BRIEF DESCRIPTION OF THE DRAWINGS
[0026] FIG. 1 is an architecture diagram of a helmet-mounted
visualization device without parallax according to an embodiment of
the present disclosure.
[0027] FIG. 2 is a block diagram of a helmet-mounted visualization
device without parallax according to an embodiment of the present
disclosure.
[0028] FIG. 3 is a flowchart illustrating the procedures of a
method for operating a helmet-mounted visualization device without
parallax according to an embodiment of the present disclosure.
[0029] FIG. 4 is a picture of the helmet-mounted visualization
device with IR and VIS image fusion.
[0030] FIG. 5 is a diagram of the fused IR and VIS images with a
picture-in-picture format and wirelessly sent to the rear
headquarter.
[0031] FIG. 6 is a diagram of the helmet-mounted visualization
device without parallax and viewed by two eyes (binocular).

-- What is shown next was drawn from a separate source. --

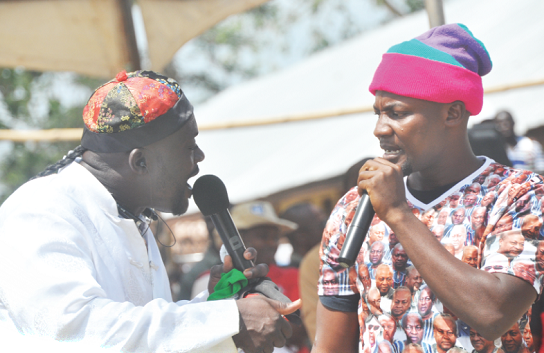 “Chineseman” in his element as his cohort Efo, explains it in Twi to the teeming NDC supporters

DESCRIPTION OF THE PREFERRED EMBODIMENTS
[0032] Certain terms are used throughout the following descriptions
and claims to refer to particular system components. As one skilled
in the art will appreciate, manufacturers may refer to a component
by different names. This document does not intend to distinguish
between components that differ in name but not differ in
functionality. In the following discussion and in the claims, the
terms "include", "including", "comprise", and "comprising" are used
in an open-ended fashion, and thus should be interpreted to mean
"including, but not limited to . . . " The terms "couple" and
"coupled" are intended to mean either an indirect or a direct
electrical connection. Thus, if a first device couples to a second
device, that connection may be through a direct electrical
connection, or through an indirect electrical connection via other
devices and connections.
[0033] The figures are only illustrations of an example, wherein
the units or procedure shown in the figures are not necessarily
essential for implementing the present disclosure. Those skilled in
the art will understand that the units in the device in the example
can be arranged in the device in the examples as described, or can
be alternatively located in one or more devices different from that
in the examples. The units in the examples described can be
combined into one module or further divided into a plurality of
sub-units.
[0034] In order to further explain the technical scheme of the
helmet-mounted visualization device of the present invention in
detail, a concrete example will be described below for describing
the overall technical scheme and advantageous effects thereof.
1.sup.st Embodiment
[0035] Please refer to FIG. 1 and FIG. 2. FIG. 1 is an architecture
diagram of a helmet-mounted visualization device without parallax
according to an embodiment of the present disclosure, and FIG. 2 is
a block diagram of a helmet-mounted visualization device without
parallax according to an embodiment of the present disclosure.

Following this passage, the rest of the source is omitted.